Unfortunately for South Block and its many media and blogosphere supporters, there is little India can do to prevent or delay a Western retreat. Only a massive Taliban surge might achieve that if only because of the US desire for yet another “decent interval,” but it is unlikely that the Taliban high command is that stupid – it would be much easier to fight a lonelier Karzai next year.

Would Afghanistan have looked different without US and Saudi beneficence? Probably, but that is one too many what-ifs to tackle – it was the Cold War, the Soviet Union had not yet gone the way of the dodo, and China had yet to rise. Pakistan has steadily attacked India’s small assets in Afghanistan.
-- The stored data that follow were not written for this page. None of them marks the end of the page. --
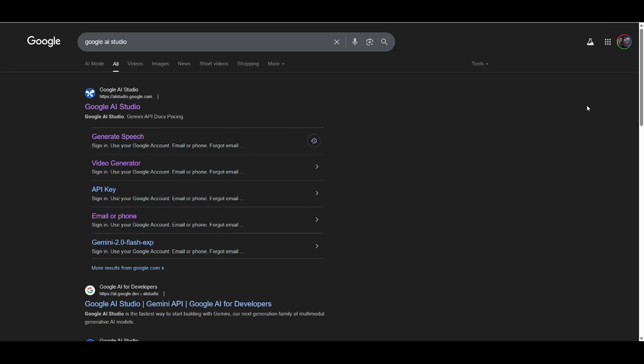I've been seeing a lot of AI thumbnail tools that you have to pay for, and I just think it's funny that people are paying for these tools when Google gives it to you completely for free in their AI Studio. All you have to do is type in Google AI Studio and it should be the first result.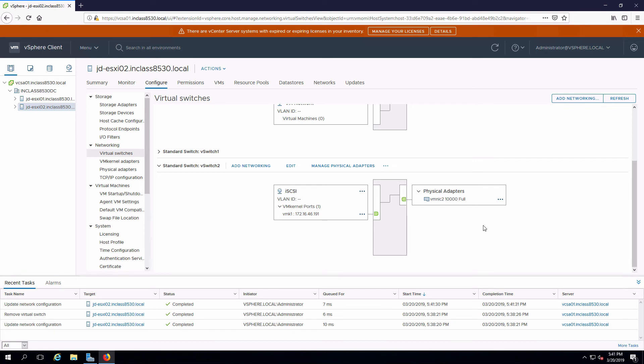The only thing I would need to do now is complete that task on all of my other hosts. So in this case I would also have to do that on ESXi1.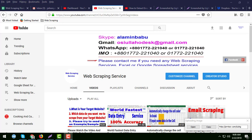Hello, welcome to my YouTube channel, Web Scraping Service. Before starting the tutorial, I am requesting you to please watch this video for a few minutes, as it is just a short video.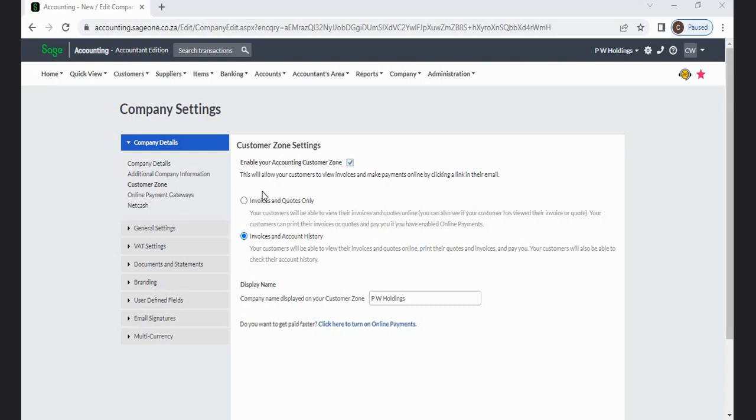There are two options: Invoices and Quotes Only, and Invoices and Account History.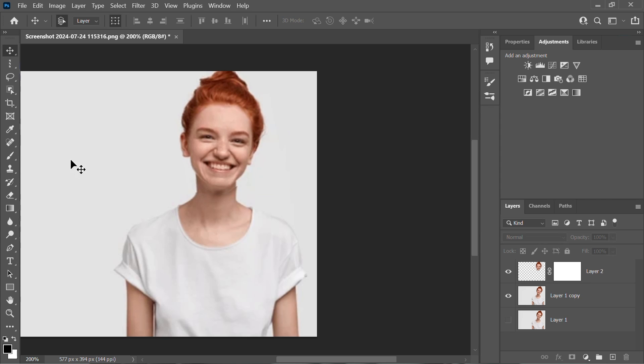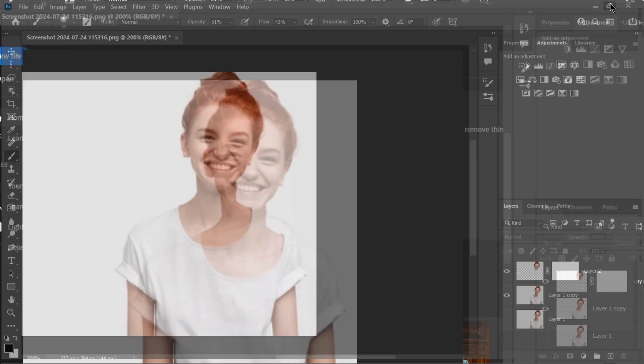After adjusting it, select the brush tool and set the opacity to 51 and flow to 48.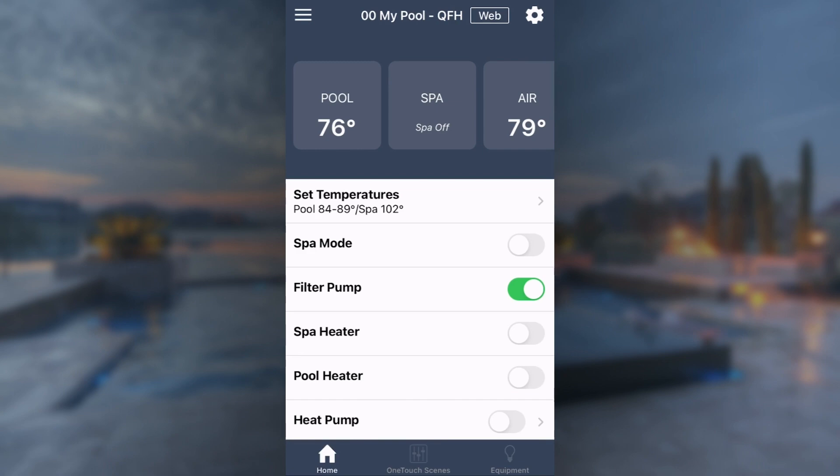Now that you've learned how to create schedules, you can easily use your iOcLink app to control your pool and spa anytime, anywhere.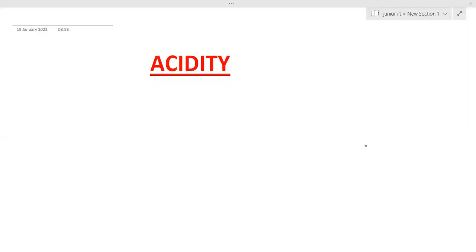Good morning everyone. I am Asima, organic chemistry faculty with an experience of nearly 11 years. I'm going to discuss a very important topic: acidity. So let's begin with this lecture.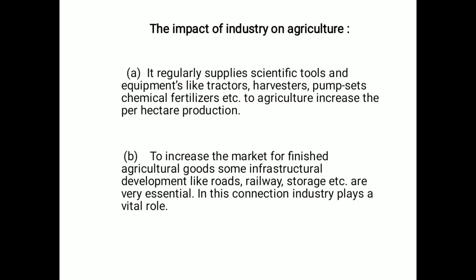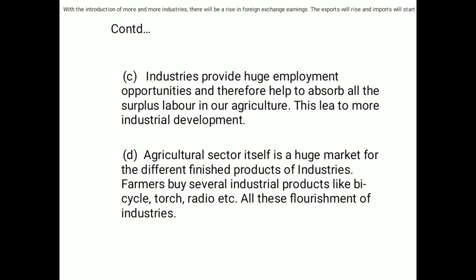To increase the market for finished agricultural goods, some infrastructure development like roads, railways, storage facilities, etc. are very essential, and in this connection industry plays a vital role. Industries also provide huge employment opportunities and therefore help to absorb surplus labor from agriculture, which in turn leads to more industrial development.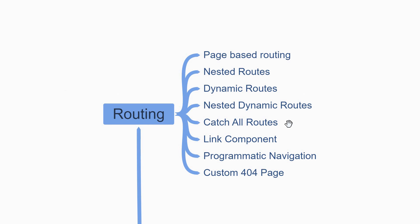Now navigating through URLs is no fun, so you learn about the Link component for navigating from the UI and programmatic navigation to navigate from event handlers, for example. For the last bit you'll learn about the default 404 page and how to customize it. This list of topics will give you a solid understanding of the routing feature in Next.js.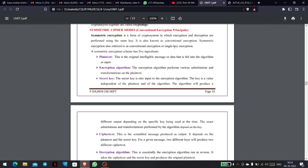Symmetric encryption involves either encryption or decryption. We have the plaintext, and we convert it using the same key. Using the same key, we convert the plaintext. This is called symmetric encryption.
This has less to do with the Afghans than with India. A simple test would be to compare Pakistan’s obsession with Afghanistan and the Durand Line to its visceral hatred of its larger eastern neighbour. It would also be fruitful to compare the dollars spent and the blood spilled by Pakistan against purely Afghan interests to the same against India or Indian interests in Afghanistan.

It is difficult to understand the explosive reaction to Dalrymple’s essay. Contrary to the assertions critics have made, scholars like Dalrymple and Bruce Riedel have argued strenuously that it is Islamabad and its support of terrorism that is the root of all the problems in the region, including India, Afghanistan, nuclear, and Islamism. India’s role, unfortunately, is acting as the object of ditransitive Pakistani terrorism. In fact, I, for one, applaud what little mettle India has shown for strategic thinking in Afghanistan and would like to see more of it. Or as journalist Pierre Fitter tweeted, “All said and done, I’m hoping the Pashto and Dari classes in Delhi are seeing maximum attendance.”


A version of this post appeared on FirstPost on June 29, 2013.